Copy all lines below containing "look".

BEGIN Data section

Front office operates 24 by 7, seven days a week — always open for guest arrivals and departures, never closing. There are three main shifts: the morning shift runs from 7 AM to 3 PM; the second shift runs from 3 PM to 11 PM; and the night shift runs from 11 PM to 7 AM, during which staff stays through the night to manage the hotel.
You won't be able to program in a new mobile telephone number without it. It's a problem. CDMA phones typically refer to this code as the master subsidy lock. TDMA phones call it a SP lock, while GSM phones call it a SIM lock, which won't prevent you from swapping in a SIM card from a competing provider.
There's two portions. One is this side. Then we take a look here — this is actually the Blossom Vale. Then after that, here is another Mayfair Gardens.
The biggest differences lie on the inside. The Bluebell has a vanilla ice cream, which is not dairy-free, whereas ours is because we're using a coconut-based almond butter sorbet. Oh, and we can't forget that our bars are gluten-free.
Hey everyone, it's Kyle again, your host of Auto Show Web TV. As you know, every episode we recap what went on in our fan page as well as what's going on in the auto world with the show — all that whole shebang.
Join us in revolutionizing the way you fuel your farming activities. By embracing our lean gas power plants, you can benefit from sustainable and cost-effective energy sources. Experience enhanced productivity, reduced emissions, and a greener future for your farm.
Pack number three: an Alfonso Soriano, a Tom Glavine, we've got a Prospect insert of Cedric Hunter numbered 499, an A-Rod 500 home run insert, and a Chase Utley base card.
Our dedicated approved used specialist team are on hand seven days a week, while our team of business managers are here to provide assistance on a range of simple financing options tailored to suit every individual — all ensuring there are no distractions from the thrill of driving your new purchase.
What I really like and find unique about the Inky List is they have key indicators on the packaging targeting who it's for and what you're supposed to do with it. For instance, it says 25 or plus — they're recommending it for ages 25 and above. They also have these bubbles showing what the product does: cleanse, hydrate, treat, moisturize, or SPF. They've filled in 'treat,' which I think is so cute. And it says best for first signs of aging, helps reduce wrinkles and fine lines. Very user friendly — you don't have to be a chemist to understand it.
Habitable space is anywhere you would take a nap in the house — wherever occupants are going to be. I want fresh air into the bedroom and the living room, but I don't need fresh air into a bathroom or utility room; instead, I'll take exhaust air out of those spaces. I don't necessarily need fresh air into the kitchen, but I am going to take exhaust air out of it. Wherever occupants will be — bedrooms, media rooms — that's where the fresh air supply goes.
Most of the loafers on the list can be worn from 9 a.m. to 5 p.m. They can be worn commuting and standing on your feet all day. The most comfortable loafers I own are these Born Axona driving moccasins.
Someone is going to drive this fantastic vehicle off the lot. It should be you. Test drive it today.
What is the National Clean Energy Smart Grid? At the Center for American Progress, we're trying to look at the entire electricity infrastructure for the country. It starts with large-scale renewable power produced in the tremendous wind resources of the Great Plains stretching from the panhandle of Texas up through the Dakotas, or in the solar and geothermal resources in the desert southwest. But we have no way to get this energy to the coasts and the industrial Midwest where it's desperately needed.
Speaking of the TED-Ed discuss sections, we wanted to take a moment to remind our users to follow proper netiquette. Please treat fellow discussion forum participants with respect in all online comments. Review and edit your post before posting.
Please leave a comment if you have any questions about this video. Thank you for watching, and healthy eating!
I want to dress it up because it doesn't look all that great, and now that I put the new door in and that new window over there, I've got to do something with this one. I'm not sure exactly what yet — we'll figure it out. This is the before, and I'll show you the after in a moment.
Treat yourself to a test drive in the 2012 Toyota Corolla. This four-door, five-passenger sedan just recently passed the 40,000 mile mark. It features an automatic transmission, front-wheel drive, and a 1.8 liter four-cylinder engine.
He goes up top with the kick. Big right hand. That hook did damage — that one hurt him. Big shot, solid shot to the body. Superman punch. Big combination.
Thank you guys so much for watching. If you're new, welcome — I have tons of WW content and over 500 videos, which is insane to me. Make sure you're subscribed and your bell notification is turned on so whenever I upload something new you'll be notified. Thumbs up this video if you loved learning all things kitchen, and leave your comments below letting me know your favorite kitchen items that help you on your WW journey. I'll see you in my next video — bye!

END Data section

__Response for this exercise__.
There's two portions. One is this side. Then we take a look here — this is actually the Blossom Vale. Then after that, here is another Mayfair Gardens.
What is the National Clean Energy Smart Grid? At the Center for American Progress, we're trying to look at the entire electricity infrastructure for the country. It starts with large-scale renewable power produced in the tremendous wind resources of the Great Plains stretching from the panhandle of Texas up through the Dakotas, or in the solar and geothermal resources in the desert southwest. But we have no way to get this energy to the coasts and the industrial Midwest where it's desperately needed.
I want to dress it up because it doesn't look all that great, and now that I put the new door in and that new window over there, I've got to do something with this one. I'm not sure exactly what yet — we'll figure it out. This is the before, and I'll show you the after in a moment.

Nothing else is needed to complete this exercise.